Prime Minister Kjell Magne Bondevik told parliament's weekly question time that the spill was "quite unacceptable" and said he had demanded a report from the state environmental protection agency.
But he said the government would not withdraw state-controlled Statoil's permit to drill in the Barents Sea, where petroleum activities resumed this year after the government ended a two-year ban in December 2003.
The opposition Socialist Left Party urged Bondevik to outlaw further drilling in the Barents Sea, saying the leak showed that oil companies were unable to keep promises of zero emissions.
"Today the...demands are among the strictest in the world," Environment Minister Knut Arild Hareide told parliament. "We set environmental demands and they have to be met. If they aren't it will have consequences."
It was the third Barents Sea leak reported this year from Ocean Rig's Eirik Raude rig.
POLICE?
Environmental group Bellona said it would report the leak to the police and called it "wholly unacceptable".

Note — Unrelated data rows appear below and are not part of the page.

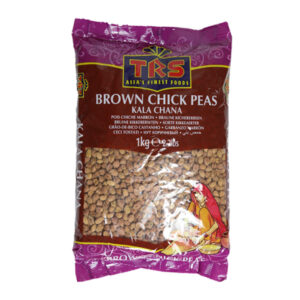 TRS Kala chana / Chick peas 1kg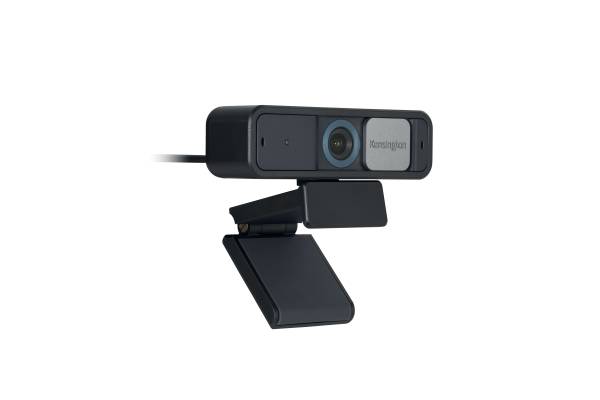 KENSINGTON Webcamera W2050 1080P Retail schwarz K81176WW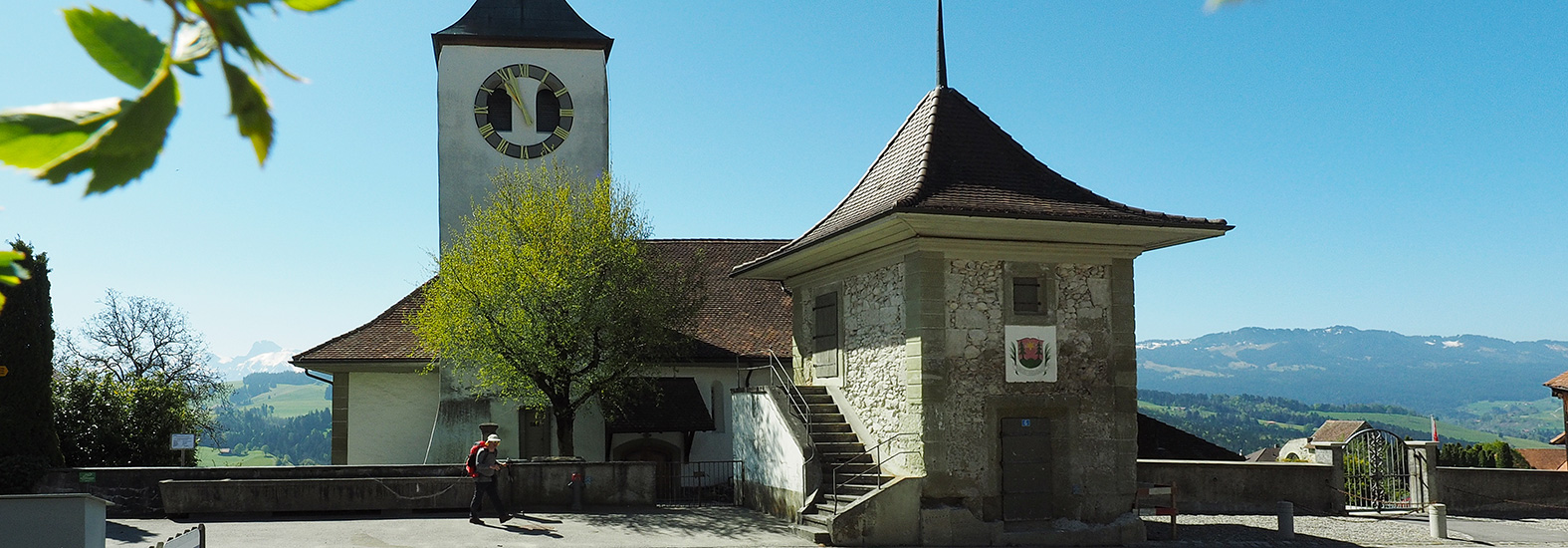 Rüeggisberg Kirche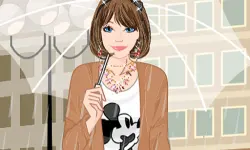 Rainy Day Dress up image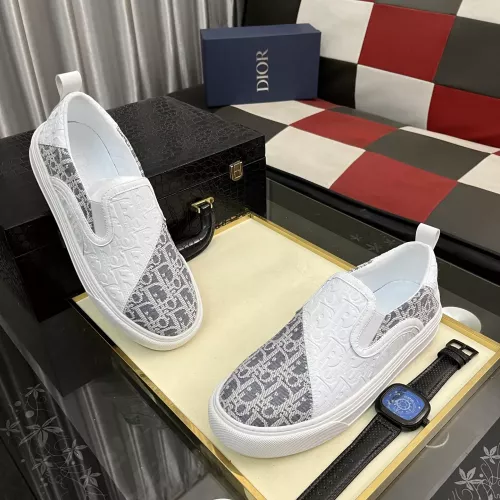 Cheap Christian Dior Casual Shoes For Men #1330982, $$76.00 USD On Christian Dior Casual Shoes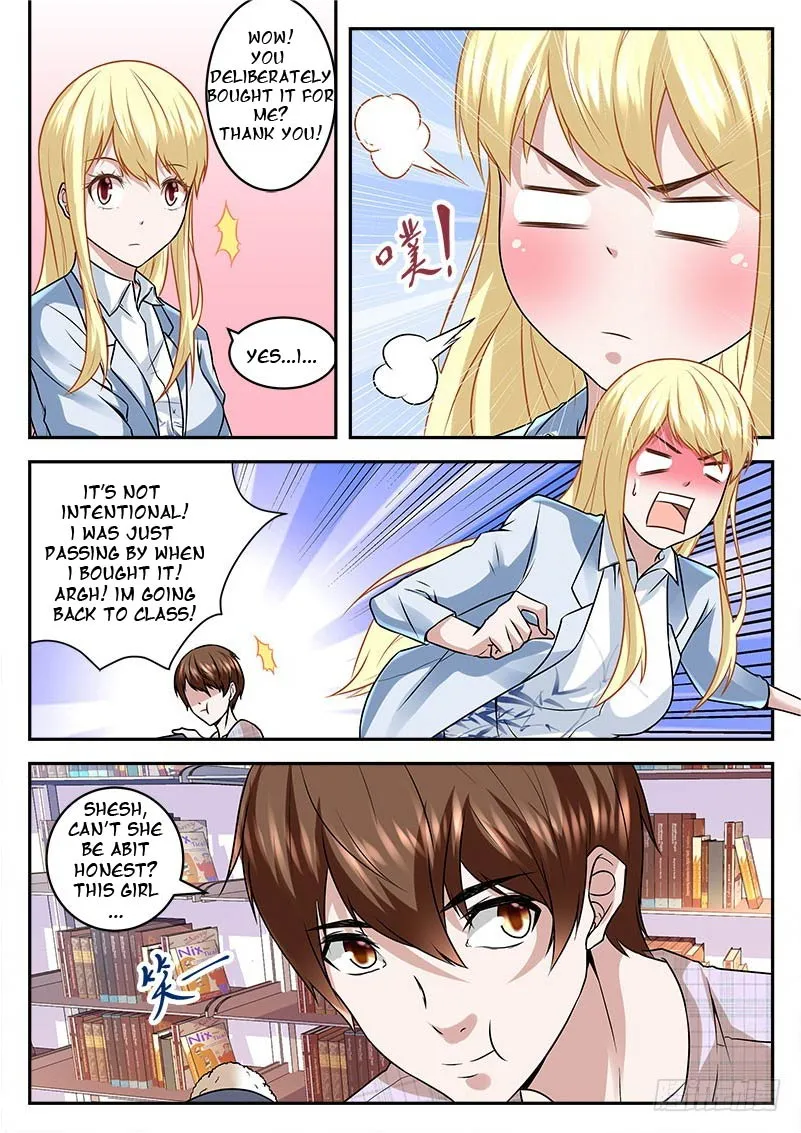 Metropolitan System Mangakakalot X Chapter 15 Page 9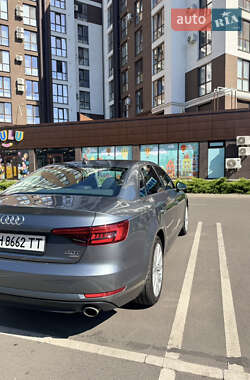 Седан Audi A4 2017 в 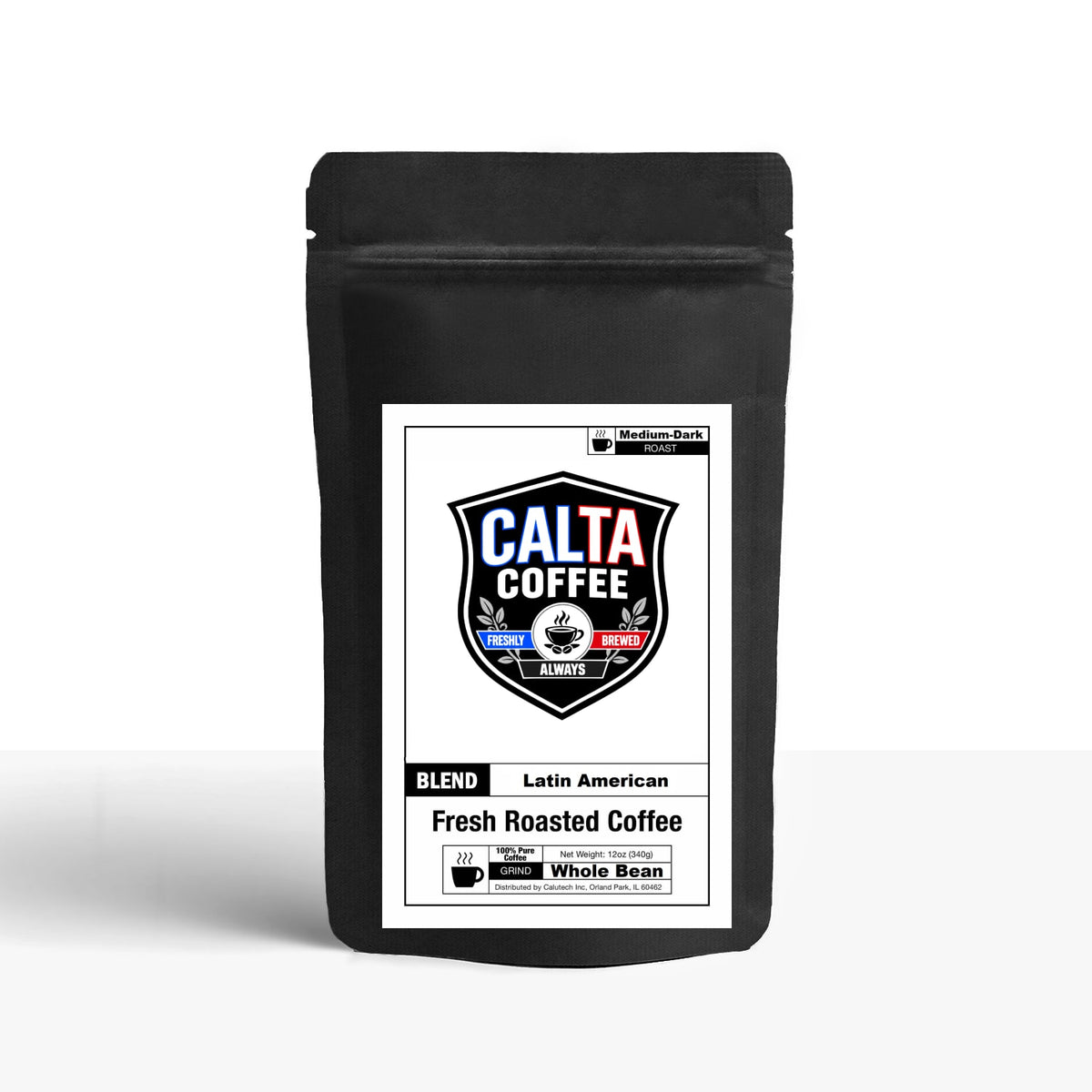 Latin American Blend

Many environmental groups strongly opposed the resumption of exploration in the Barents Sea, saying that is a key spawning ground for cod and other fish. And birds like puffins and cormorants nest along the coasts.
Statoil's exploration vice president for the Norwegian continental shelf Tim Dodson said in a statement: "We take a very serious view of the incident."
"We have stopped the drilling...so we will have a time-out now and look further into this before we continue," Statoil's spokesman Kristofer Hetland said.
The well spudded on April 2 is the second to be drilled in the Norwegian sector of the Barents Sea since the Arctic activity ban ended.
Last month, Norsk Hydro completed the first new Barents well since the ban ended, but it found only traces of oil and not producible amounts.
Oil firms are looking further north because finds further south in the North Sea and Norwegian Sea are getting scarce. Norway is the world's number three oil exporter behind Saudi Arabia and Russia, pumping about 3 million barrels per day.
Statoil has said it plans to drill two Barents wells this year, and Italy's Eni has also said it will drill an Arctic well at its Goliat prospect if it can secure a rig.
Statoil shares traded off 0.2 percent at 111.25 Norwegian crowns ($17.63) at 0930 GMT, underperforming a 0.3 percent rise by the Oslo benchmark index. Ocean Rig shares were down one percent at 41.3 crowns.